Knight Swift Transportation Holdings, Swift’s parent company, did not respond to a request for a comment prior to press time.

Hiring practices related to non-U.S. citizens are generally governed by three federal laws: Title VII, the Immigration and Nationality Act (governing work visas) and the Immigration Reform and Control Act of 1986 (verification of employment eligibility).

Title VII and IRCA prohibit employers from discriminating against a job applicant on the basis of national origin and often involve overlapping aspects of the hiring process.

For example, last year, manufacturing staffing company ResourceMFG agreed to pay $75,000 to settle allegations by the U.S. Equal Employment Opportunity Commission that it violated Title VII by refusing to hire a naturalized U.S. citizen because she was born in Germany.

According to the EEOC, the applicant completed paperwork for a job with a government contractor that required employees to be U.S. citizens but not that they be born in the U.S. Even so, ResourceMFG’s recruiter allegedly required the applicant to produce a U.S. birth certificate, halting the process when the applicant said she didn’t have one, but could produce documents showing she was a U.S. citizen.

Properly verifying eligibility to work in the U.S. also raises compliance issues under the IRCA, which prohibits employers from refusing to accept permissible documents or requiring more documents than necessary to prove employment eligibility, the EEOC has previously reminded employers.

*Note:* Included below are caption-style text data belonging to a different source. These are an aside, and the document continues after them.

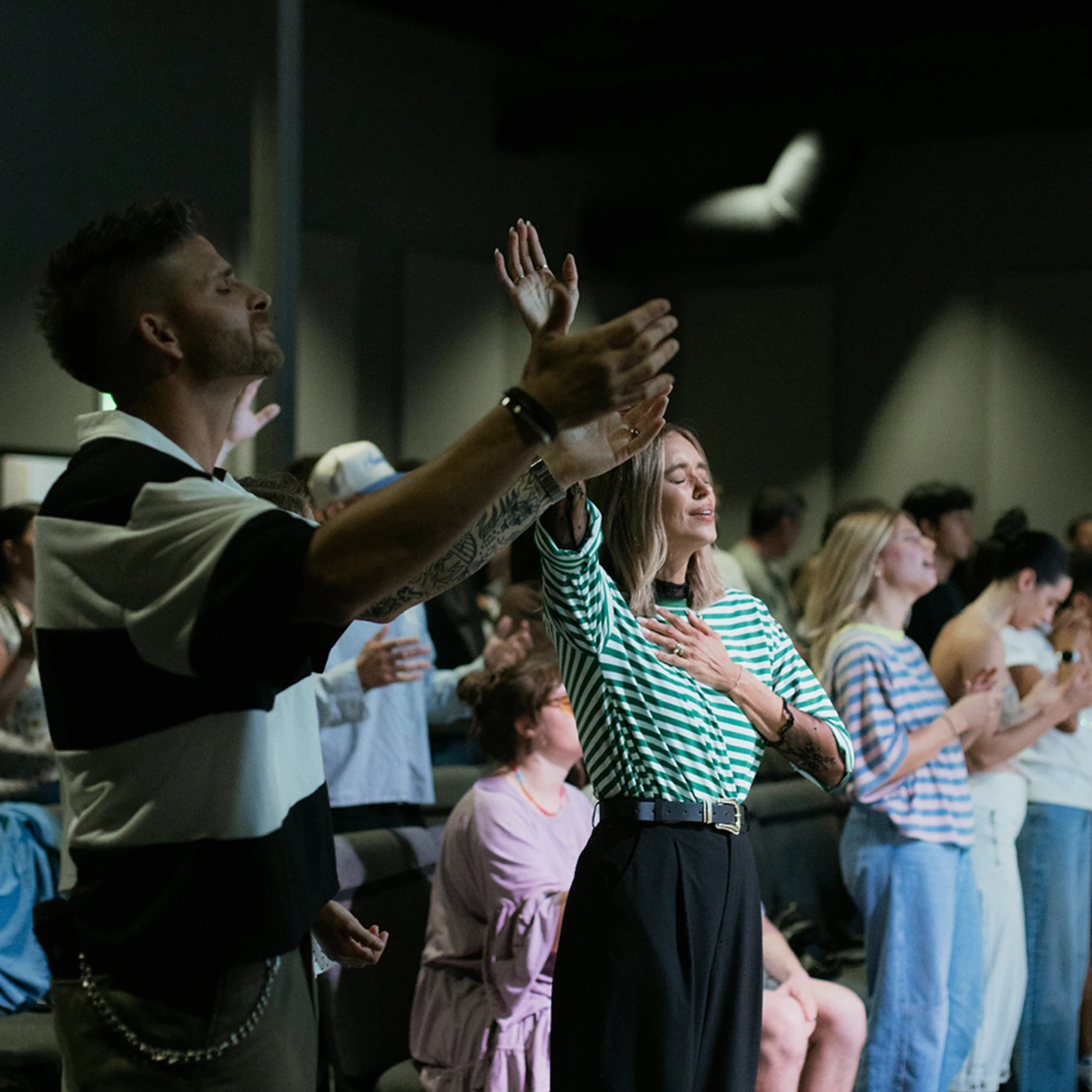 A diverse group of people stand with eyes closed and hands raised in worship during a church service. A man and woman are in the foreground.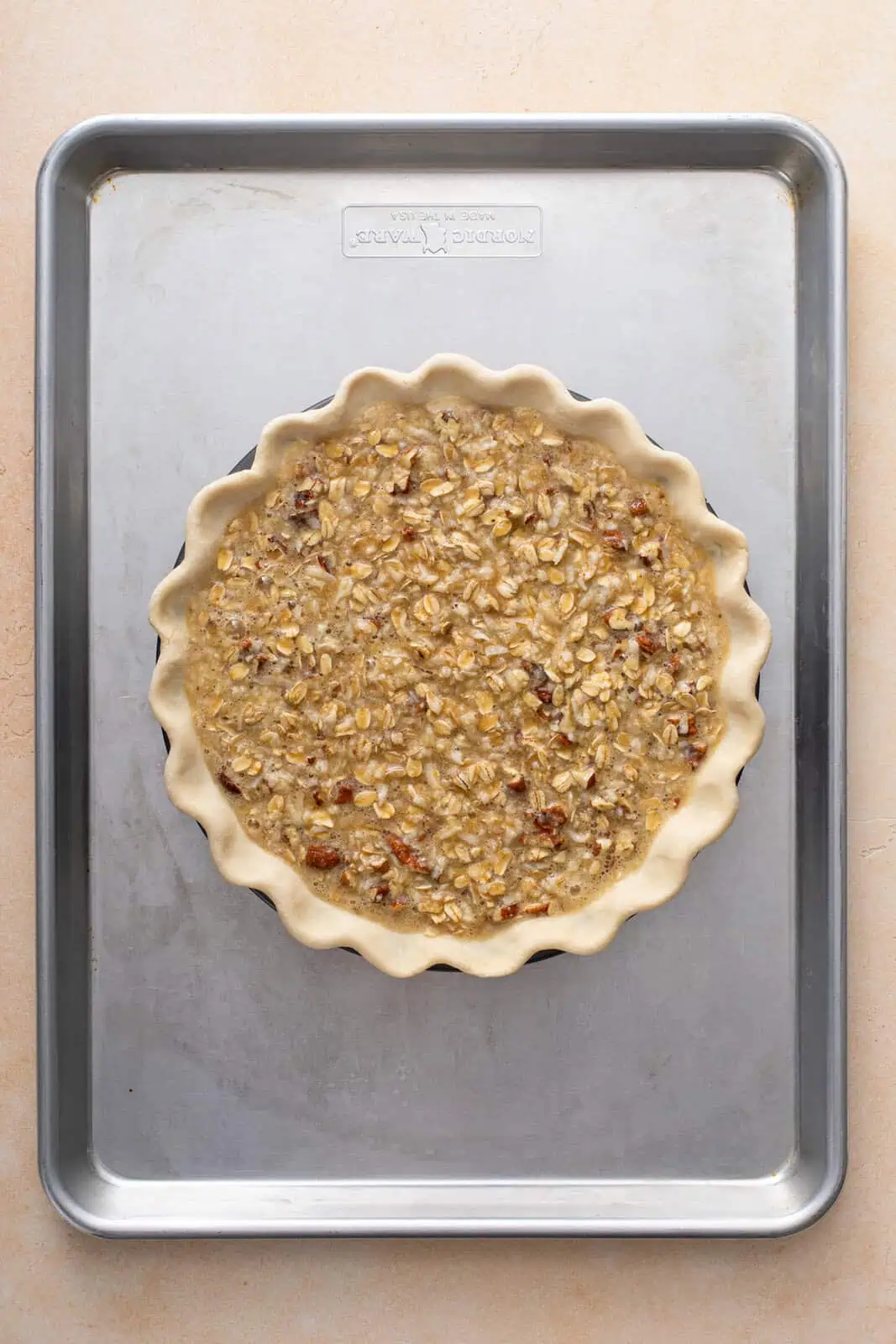 Unbaked oatmeal pie on a rimmed baking sheet, about to go in the oven.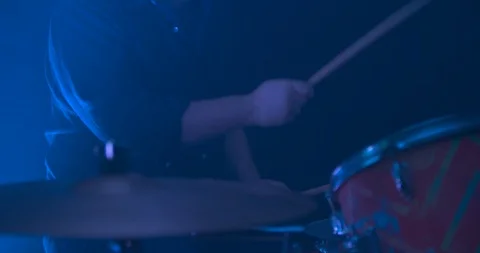 Man Playing Drums from the Side in Slow-Motion Stock Footage 98906517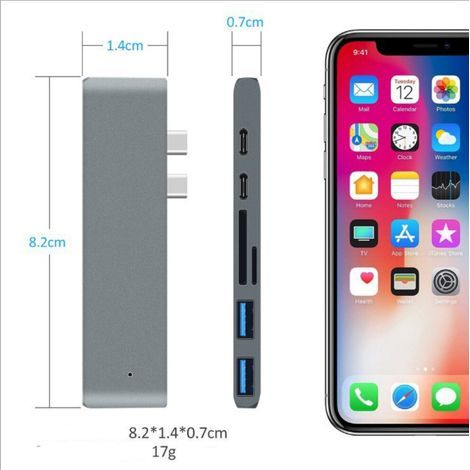 Révolutionnez votre poste de travail grâce à notre adaptateur multiport, équipé d'un lecteur de cartes SD/TF et d'un port USB 3.0, idéal pour les créatifs et les professionnels nomades. (1/4)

Relevant here, Title VII also makes it illegal for employers to use facially neutral selection criteria (standards that apply to everyone, regardless of their national origin) if such criteria have a negative impact on people of a certain national origin and are not job-related or necessary to business operations, an EEOC guidance states.

In this case, the applicant alleged the Swift recruiter told him that except for not meeting the driver’s license requirement, he was “exactly what they need,” according to the complaint. Yet, that requirement allegedly enables the company to refuse to hire otherwise qualified, foreign-born drivers and is not consistent with business necessity, the complaint asserts.

Even if the requirement were consistent with business necessity, “less discriminatory alternatives exist that would equally serve any legitimate purpose,” the lawsuit alleged. “For instance, if the concern were whether the applicant has sufficient driving experience, Swift could count the driver’s period of international driver’s licensure toward the 12 month requirement,” the lawsuit said.